因爲最終的獎品,是地級上品的天材地寶——金蓮子。
地級上品啊,可是能夠誕生靈智的級别了,這要放在外界,六境修士都要争個頭破血流。
所以,這次的金蓮會呼聲極大。
除此之外,第二個重量級消息,便是四宗大比的規則被徹底定下來了。
與以往的秘境比試不同,此次将會前往魔域山脈進行考核比試。
而之所以要将消息公之于衆,便是讓那些想如往年一樣摻和大比的一流門派等掂量清楚。
四宗大比不僅僅是東洲的四大巨頭扳手腕,其他勢力也都想要分一杯羹。
修仙問道,本就是你争我奪。
......
小蓮峰,南齋。
“師父,這化風劍法當真是一部皇級劍術?”
“是不是并不覺得有多晦澀難懂?所以覺得它配不上皇級?”
南齋小院中,蘇良躺在太師椅上,乘着涼。
收了弟子後,大師兄要求他去做的功課也就從一天一次,改爲了三天一次,可把蘇良高興壞了。
趁着空下來的時間,蘇良也帶秦念去挑了一門劍法。
皇級劍法,全名爲《真極清靈落無上驚鴻化風劍訣》。
是三千年前南溪劍宗的一位精通風系劍意的太上長老所着。
也是南溪劍宗收錄的十大皇級頂尖劍法之一。
劍術劍法,能夠集大自創者,都是在各自領域走得足夠遠的存在。
“忘了告訴你了,你看的這本密錄,隻是入門前的起手式罷了。”
輕飄飄的話語落在秦念耳中,後者瞬間擡頭:“啊?”
其實,她壓根兒沒看明白,隻是驚訝蘇良怎麽能這般随意就扔給她一部皇級劍法,萬一...萬一她是其他宗門的暗子怎麽辦?
“不是,師父,我的意思是...”
蘇良卻沒給她說下去的機會,直接打斷道:“不着急,你先練着,當年小師妹初看這起手式的時候,也覺得簡單,但殊不知很多奧妙之處都在此,你先仔細看看,再說其他。”
“師父,我看不懂。”
“我知道,你...嗯?”蘇良坐起身,疑惑地看了她一眼:“你領悟了風系的劍意,怎麽會看不懂呢?”
秦念低頭,看着腳尖。
經過這幾天的相處後,蘇良便知道這是她招牌的動作了,意思也很簡單——我不知道,你别問我。

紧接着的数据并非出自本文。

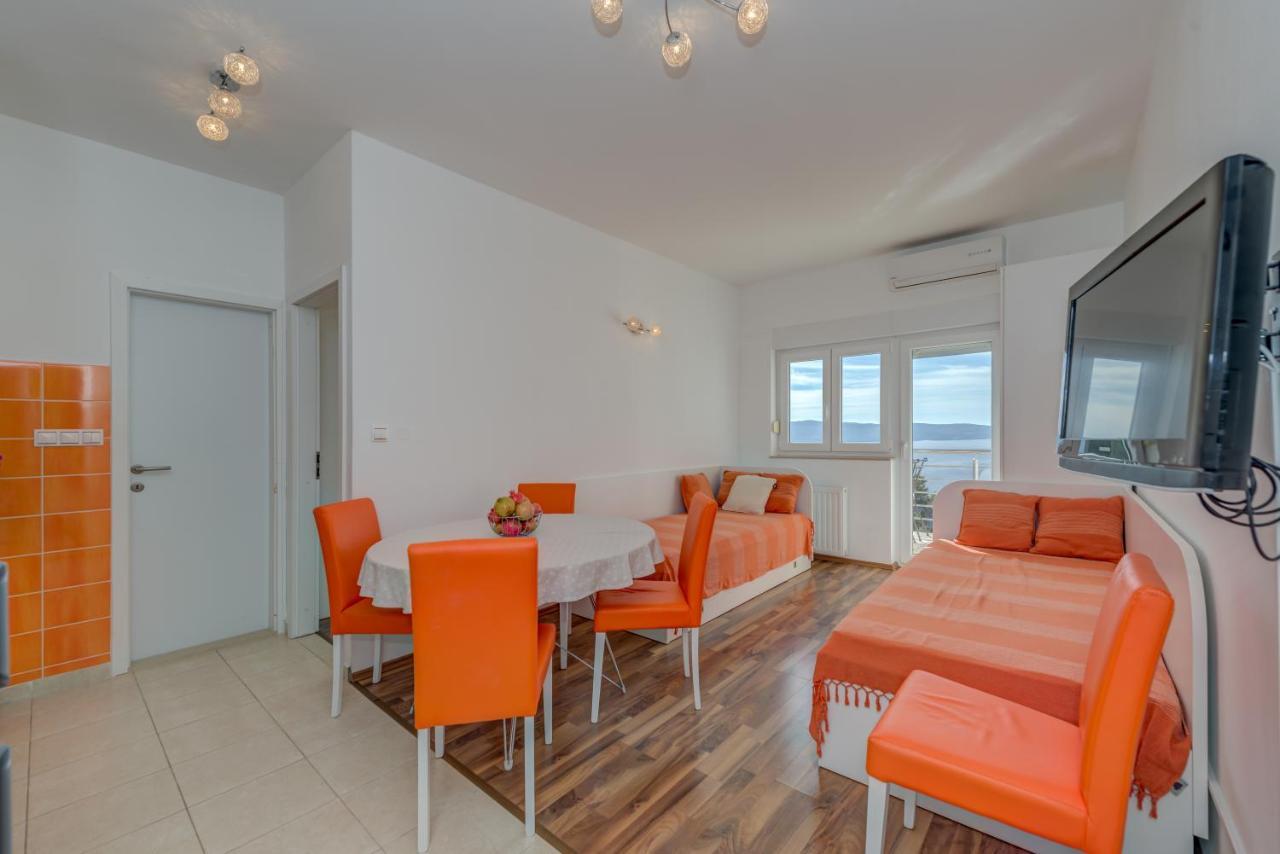Pikolo Omis Apartment Tice
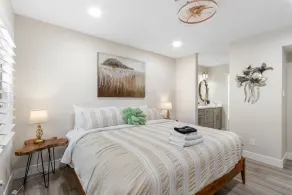 Experience Scottsdale Mi Casa: a cozy 3-bedroom condo in vibrant Old Town! - Image 5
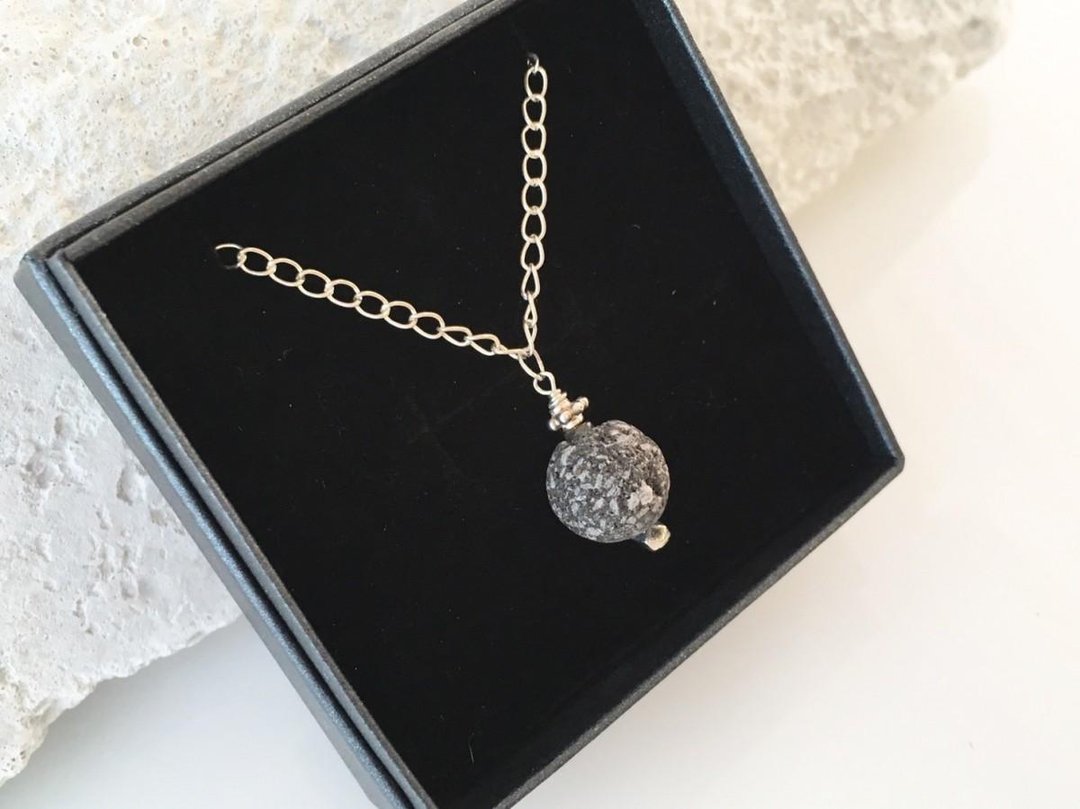 ☆ Lava ☆ SV Pendant with Chain - 项链 - 宝石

“不應該啊,我剛才也看了幾眼,表達的意思雖然轉折,但也不至于晦澀難懂啊。”
蘇良起身,有些懷疑自己是否是拿錯了本,接過秦念手中的起手式仔細打量起來。
“嗯...沒問題啊...”蘇良蹙眉。
既然劍訣沒問題的話...
“去後院取兩柄竹劍來。”
秦念應了一聲,很快取來了兩柄竹劍,遞給蘇良,不知道要繼續練劍還是作甚。
昨天開始,蘇良便要求她每天繼續練劍,隻不過練劍方式與往常有些差别。
雖然都是揮劍落劍,但蘇良要求她進入竹林對着一棵竹木練習,且第一劍落下之時,要保證身前竹葉不會有絲毫顫動,第二劍落下後,要保證枝葉盡斷。
但無論如何,劍都不能接觸竹木,也不能用任何靈力手段——除了劍意。
蘇良确實如洛子晉所講,天賦恐怖。
他在看了秦念舞劍半個時辰後,便想出了這種練習方式,去改變她多年來養成的蠻橫亂砍。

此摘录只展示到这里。